No laughing matter So, over the last month Melbourne emerged from a year of misery and lockdowns to resume one of its great cultural institutions: the Melbourne International Comedy Festival (minus the international element this year, for obvious reasons). And yet, to read one of the city’s two daily papers you’d barely know it was going on.

We had a look through the Herald Sun for references to the MICF and we found only two stories mentioning the actual festival — one an intro to the event, and one a combination of two reviews. But this is a major event in the city the Hun serves — why such muted coverage?
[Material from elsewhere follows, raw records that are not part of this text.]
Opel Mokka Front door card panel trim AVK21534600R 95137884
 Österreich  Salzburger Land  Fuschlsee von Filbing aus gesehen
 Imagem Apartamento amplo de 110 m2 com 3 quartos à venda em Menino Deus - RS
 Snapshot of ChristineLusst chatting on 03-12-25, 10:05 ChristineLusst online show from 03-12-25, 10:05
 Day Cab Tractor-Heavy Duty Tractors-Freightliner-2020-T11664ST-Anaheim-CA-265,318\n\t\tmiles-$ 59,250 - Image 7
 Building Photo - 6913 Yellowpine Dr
Previously the festival and the paper enjoyed a much sunnier relationship, with the Hun partnering with the festival and featuring full guides to the acts (which didn’t always go great…).

It surely couldn’t have anything to do with the following, could it?

We asked the Hun if the commercial partnership arrangements had anything to do with the muted coverage, but they didn’t get back to us before deadline.

Skyfall A while back, reading former Australian Conservatives Senator Cory Bernardi’s website — just after he put up a paywall (!) — we described his writing as “like the most basic guy in your office started a blog”. So it follows that the adverts for his new spot on Sky News radiate “the most basic guy in your office got a topical show”. Three words: James. Bond. Themed.

If you can’t bring yourself to click the above click, it features Bernardi mimicking the gun barrel opening of the Bond series, turning around and looking serious at the camera and being handed a martini (because the world is a “cocktail of misinformation” you see). We hear Bernardi intoning the kind of portentous culture warring we’ve come to expect, like “if we don’t fight now, there’ll be nothing left to save”.

Because it’s always a good sign for one’s ability to engage with the topics of the day in a fresh and unpredictable way that producers know certain phrases will 100% occur during a show that hasn’t been made yet.

Wine o’clock It seems in the world of conservative political messaging, cocktails are good and wine is bad. Crikey’s Bernard Keane wrote a whole column yesterday about the hypocrisy of Morrison attacking people in “inner-city wine bars” for wanting to address climate change while sipping champagne with business luminaries at a five-star Sydney CBD hotel.

But it turns out Morrison doesn’t have to go all the way into the city for a nice sparkling. As News Corp journalist Eliza Barr points out, he can just pop downstairs from his electorate office to the Croydon Lane Wine & Tapas Bar, which we’re told specialises in boutique wines and delicious cocktails.

Good Society Why can’t Canberra’s spinners tell it straight, even when it’s a fair cop? The government’s Good Society sex education and consent initiative was shellacked from one end of the country yesterday with a ferocity rarely seen, forcing the department to take down material from the site.

Yet it appears that this outrage was always part of the plan. “In response to community and stakeholder feedback, two videos have been removed from The Good Society website,” the department assured angry / bemused / flummoxed Australians using its peculiar brand of passive-aggressive PR language. “The website is designed to be a live and dynamic resource, with content added, removed, and modified, to ensure it remains current and appropriate.” Talk about not really addressing the point.